Spring Framework, on the other hand, has a growing flotila of integration packages.  Since I was short of time, I ignored them for now and used only the core and context packages.

Firefox on Fire

While it's cool to see that Mozilla Foundation has met their goal of 1 million Firefox 1.0PR download in 10-days, it's sad to see that they achieved that by doing it the Old Fashion Way, delivering every byte to everyone themselves.

Instead of the irrelevant, so called, RSS Support, they could have added BitTorrent support to the Firefox, enabling Mozilla servers to share the download frenzy stress with network download clients and enabling every Firefox installation to be BitTorrent-ready at the same time.

But then it's a puzzle why AOL, Mozilla's former patron, didn't add BitTorrent support across it's product line (AIM, WinAmp, etc.) to make it easy for people to download multimedia.  IMHO, the best way to control illegal sharing of copyrighted goods is by controlling the client.  And lets not forget all the legal ways to leverage P2P technologies.

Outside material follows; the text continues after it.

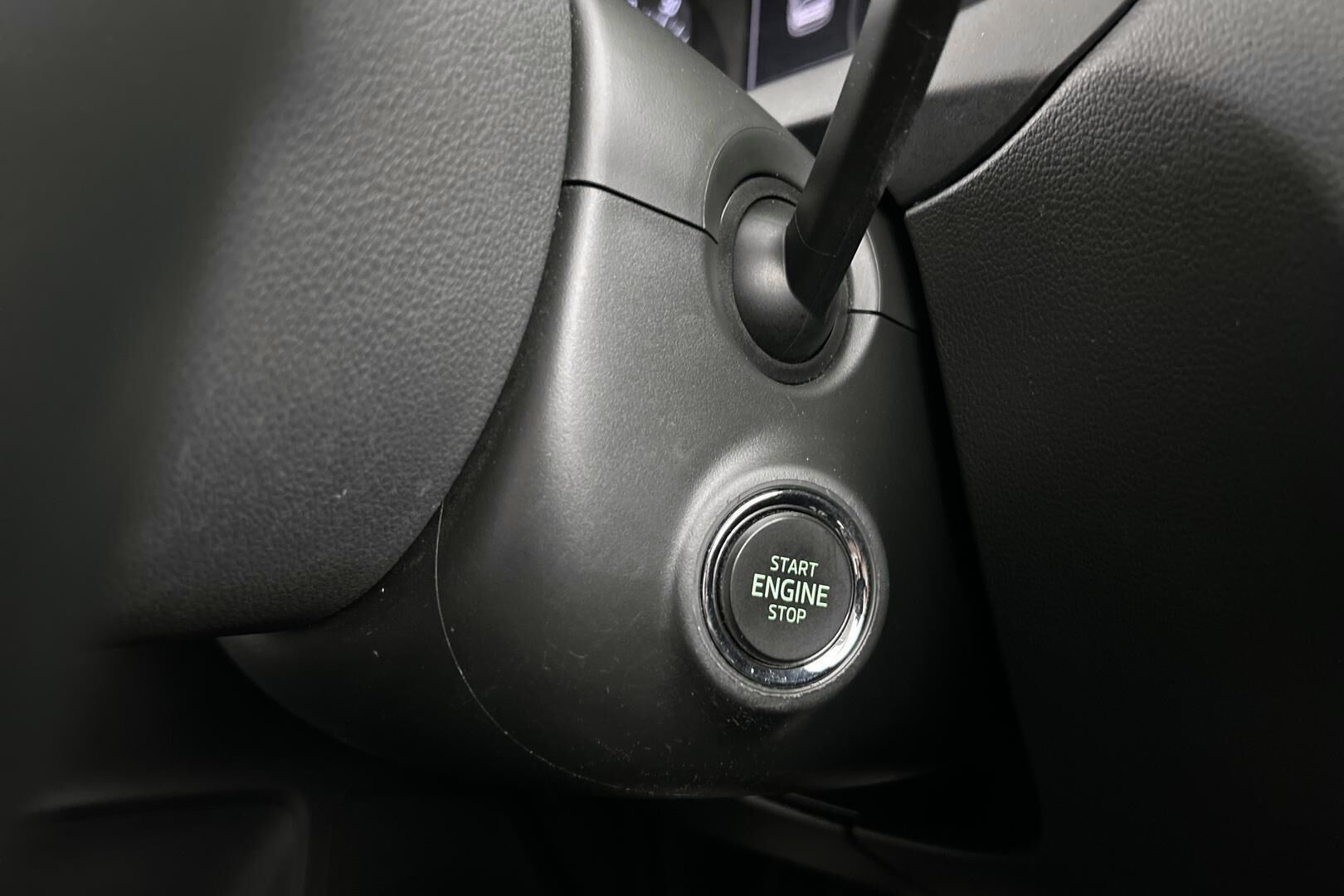 Skoda Rapid iso kuva 19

One example is peer to peer education.  Recording video or audio is so much simpler than writing books.  Why not ask people to share amateur How-To videos?  Time/LIFE made a bundle selling How-To books and market interest is clearly there.  Turn on those Visa/MC logos and let people make money off teaching others how to fix things.

The best time to embrace a technology is when everyone is scared of it.  Grab it by the horn and flip it to your advantage.

Firefox Live Bookmarks == IE CDF?

William Slabbekoorn (see his comment in Firefox RSS Support) duplicates Firefox Live Bookmark feature for IE with a bit of server-side ASP code that transforms RSS into CDF.  You remember CDF don't you?  If my feed was in CDF format, server-side component wouldn't have been necessary which makes Live Bookmarks as uncrappy and useful as CDF.

Below is a partial screenshot of my feed displayed as IE's 'Live Channel':

Full screen version from William Slabbekoorn (Local Copy).

IMHO, false praises are worse than no praise at all.

Bug Enhancement?

This entry in the most latest list of changes to QDBM, a fast dbm-like open source library, gave me a good laugh:

A bug in the extended API was enhanced.

Aside from the typo, I have no complaints about QDBM.  Coming from me, that's a complement.

Firefox RSS Support

I just finished looking at the code implementing Mozilla's RSS support (aka 'Live Bookmarks') and came up with these tips:

To make the orange RSS button show up on the bottom right corner of Firefox when your webpage is displayed, add following HTML fragment to your webpage's HEAD element for each feed.

<LINK type="{feedMimeType}" rel="alternate"
    title="{feedTitle}" href="{feedUrl}">

where {feedMimeType} can be:

application/rss+xml
application/atom+xml
application/x.atom+xml

if {feedMimeType} is not one of the above then {feedTitle} has to be one of the following (case-sensitive):

rss
RSS
Atom

Otherwise, {feedTitle} can be anything.

To make feed items appear correctly in Firefox bookmark sidebar, your feed items *must* have both non-empty 'title' and 'link' tags.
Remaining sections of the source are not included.